Selling, General and Administrative Expenses

      Our selling, general and administrative (SGA) expenses were $7.4 million and $7.3 million for the three-month periods ended September 30, 2002 and 2001, respectively, and $23.5 million and $21.4 million for the nine-month periods ended September 30, 2002 and 2001, respectively. For the three-month period ended September 30, 2002, the costs incurred to market, sell and distribute GLIADEL® Wafer were $3.0 million compared to $3.9 million for the corresponding period in 2001. The decrease in expense is largely attributable to GLIADEL® Wafer sales and marketing start up costs incurred in 2001 that are not recurring in 2002. For the nine-month periods ended September 30, 2002 and 2001, these costs were $11.4 million and $11.2 million, respectively. Costs and expenses associated with our general and administrative functions were $4.3 million and $3.4 million for the three-month periods ended September 30, 2002 and 2001, respectively and $12.1 million and $10.2 million for the nine-month periods ended September 30, 2002 and 2001, respectively. The increase is largely attributable to a restructuring charge of $1.5 million, of which $1.3 million consisted of employee severance costs, including severance pay, related payroll taxes and insurance and outplacement services.

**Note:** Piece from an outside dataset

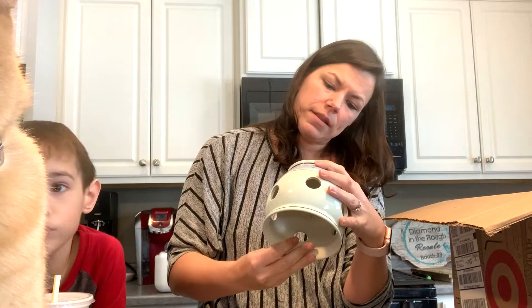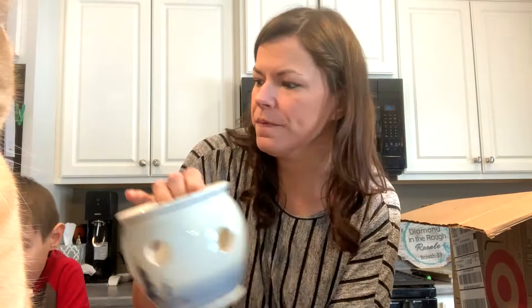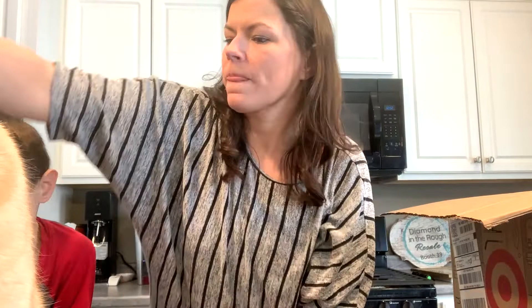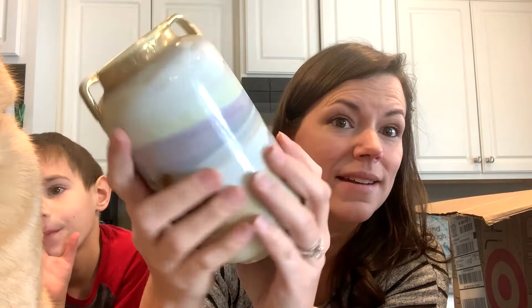What else do we have here? More Delft — more Delft pieces. Made in China, but nice paintings — you can see the dragonfly and the flowers. This is a nice one too, look at that — it's heavy. This is cute — it's Nippon! That's fabulous.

The remaining $0.2 million represents the expected costs of decommissioning certain research and development laboratories. Our general and administrative functions include the areas of executive management, finance and administration, investor and public relations, corporate development, human resources and legal. Additionally, we include the costs to prepare, file and prosecute domestic and international patent applications and for other activities to establish and preserve our intellectual property rights in our general and administrative expenses. For each function, we may incur direct expenses such as salaries, supplies and third-party consulting and other external costs. Indirect costs such as facilities, utilities and other administrative overhead are also allocated to selling, general and administrative expenses.

Other Income and Expense

      Other income and expense consists primarily of income on our investments and interest expense on our debt and other financial obligations. Investment and other income decreased to $1.6 million and $4.3 million compared to $1.9 million and $5.3 million for the three and nine-month periods ended September 30, 2002 and 2001, respectively. The decrease in investment income in 2002 compared to 2001 was primarily due to lower interest rates and investment balances maintained during those periods.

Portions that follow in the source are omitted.